INTELLECTUAL PROPERTY: The sweet smell of succession

At the end of January, Cornerstone Real Estate Advisers, the Hartford, Connecticut-based real estate investment platform of Massachusetts Mutual Life Insurance, named Scott Brown as its new president. Brown, who previously served as head of Americas at CBRE Global Multi Manager, is taking over the role from David Reilly, who will remain at Cornerstone as chief executive officer.

While it may seem that the news was nothing more than a high-profile hire, Reilly’s statement about the appointment was more telling. “After careful consideration and an extensive succession planning process, Cornerstone is delighted to have attracted a candidate of the caliber and experience of Scott to help us continue our growth, both domestically and globally,” he said. 

And Cornerstone isn’t alone. One week earlier, Lone Star Funds promoted André Collin to the newly created role of president, where he will be responsible for the firm’s global operations. As a result of the new post, the Dallas-based firm will be expanding its investment committee, as well as the key-man provision in its partnership agreement, to include Collin.

Although it declined to confirm whether succession planning was at the heart of introducing the new role, Lone Star has come under scrutiny lately with regard to the lack of an apparent successor for founder John Grayken. Indeed, one of its most loyal investors, the Oregon Public Employees’ Retirement Fund, indicated as much at a board meeting last May.

“I want to have a succession strategy in place,” said Oregon State Treasurer Ted Wheeler at the board meeting. “That’s important to me.” 

Even the Wall Street Journal recently made a point to highlight succession planning in the industry. The paper pointed to The Blackstone Group – which has global real estate head Jonathan Gray in line to succeed president Hamilton ‘Tony’ James and, ultimately, Stephen Schwarzman himself – as an example of a good approach to the issue of succession.

For most firms founded in the late 1990s or later, however, the topic of succession planning only recently has moved to the forefront of CEO and LP agendas alike. With many of the founders of these firms currently in their late 50s and early 60s, the question becomes who will run their investment empires in the years ahead.

LPs are not blind to a firm’s succession needs.
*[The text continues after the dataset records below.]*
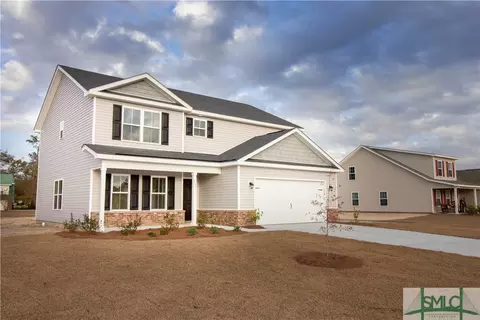 111 Laurel Ln, Guyton, GA 31312 photo 1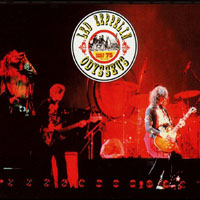 Led Zeppelin - 1975.05.24 - Odysseus - Earls Court Arena, London, UK (CD 2)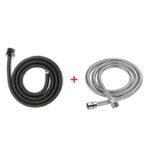 Vaginal douche silicone metal posterior anal阴道冲洗器 - Image 4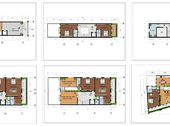 Ra Mắt Dãy Nhà Phố Shophouse 4 Tầng + Thang Máy + Hồ Bơi + Mặt Tiền 33M + Đối Diện Hồ Sinh Thái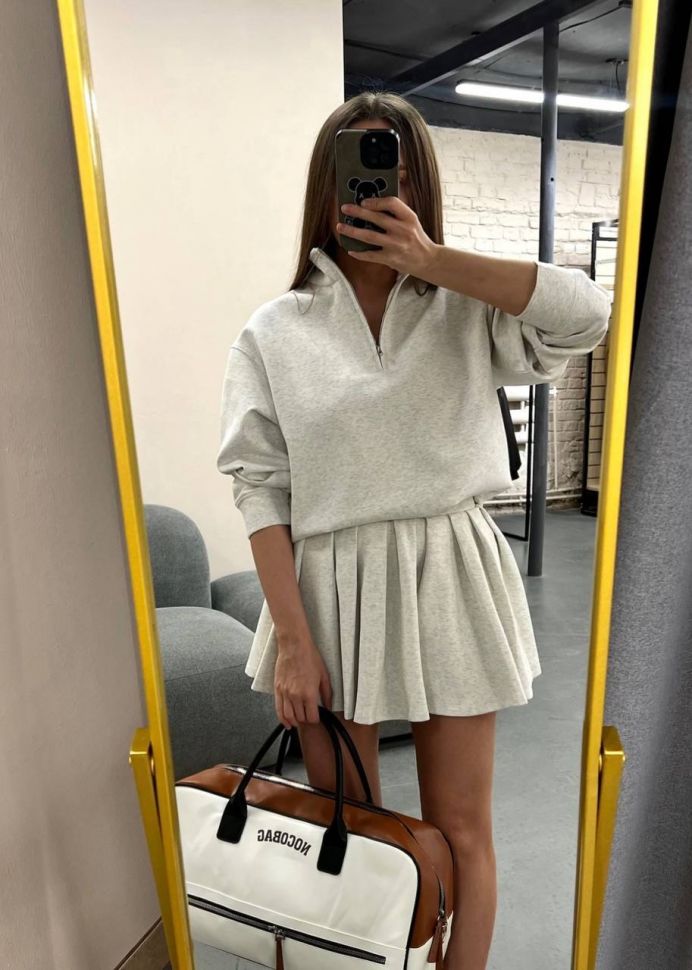 Костюм Розмір: 42-44, 46-48 S3512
Whether it is a founder’s impending retirement or the departure of a key portfolio manager, leadership changes can create systemic risk. The inability to find stability through the transition can be a firm’s death knell – triggering redemptions and/or severely limiting the success of subsequent fundraises.

Some founders and senior managers maintain that they have not had the time or inclination to think about succession planning at their firm, while others focus more narrowly on replacement planning, which consists simply of finding and preparing backup candidates for specific senior management positions. Some believe that the next generation of employees will continue to run the business regardless of whether this is consistent with their individual career goals or needs, and still others argue that, in spite of their advancing ages, they are not going anywhere. As a result, there still are a number of firms with a fair amount of work to do in this area, particularly some of the more entrepreneurial firms led by strong personalities. 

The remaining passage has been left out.